═══ Given information ═══

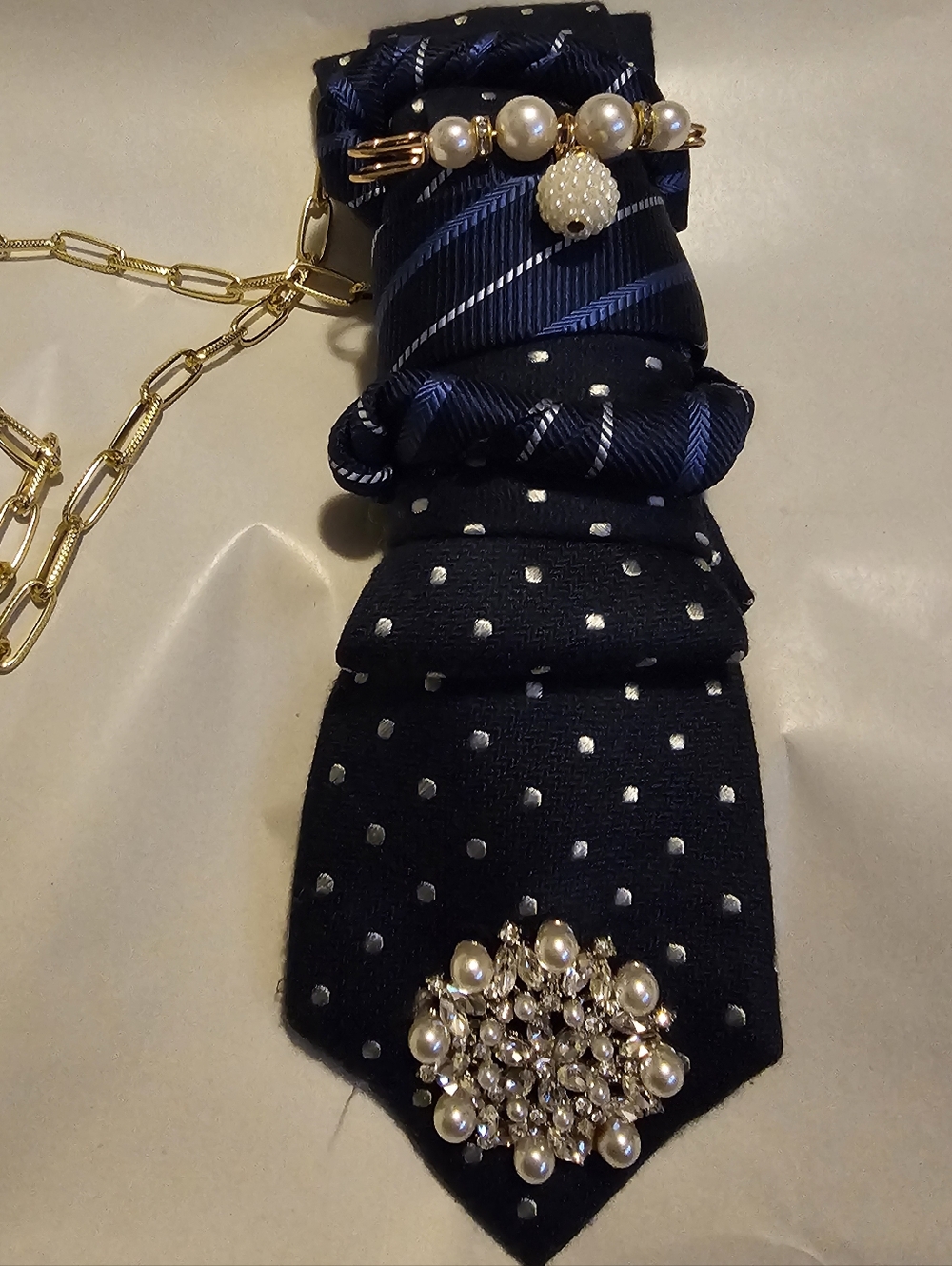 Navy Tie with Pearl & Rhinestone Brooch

═══
═══ Given information ═══

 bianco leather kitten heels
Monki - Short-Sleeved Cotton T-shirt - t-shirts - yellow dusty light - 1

═══
═══ Given information ═══

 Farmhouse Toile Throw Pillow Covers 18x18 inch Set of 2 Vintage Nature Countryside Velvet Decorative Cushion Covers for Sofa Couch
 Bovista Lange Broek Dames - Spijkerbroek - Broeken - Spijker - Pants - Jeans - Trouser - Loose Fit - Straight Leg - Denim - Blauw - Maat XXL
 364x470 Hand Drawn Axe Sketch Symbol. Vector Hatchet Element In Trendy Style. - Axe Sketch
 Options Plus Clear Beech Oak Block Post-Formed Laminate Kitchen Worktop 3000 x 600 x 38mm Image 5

═══

Problem to solve.
Beginning with the line containing "364x470 Hand Drawn" and ending with the line containing "Options Plus Clear", extract those lines exactly from the listing above, and only those.

Result of this exercise.
 364x470 Hand Drawn Axe Sketch Symbol. Vector Hatchet Element In Trendy Style. - Axe Sketch
 Options Plus Clear Beech Oak Block Post-Formed Laminate Kitchen Worktop 3000 x 600 x 38mm Image 5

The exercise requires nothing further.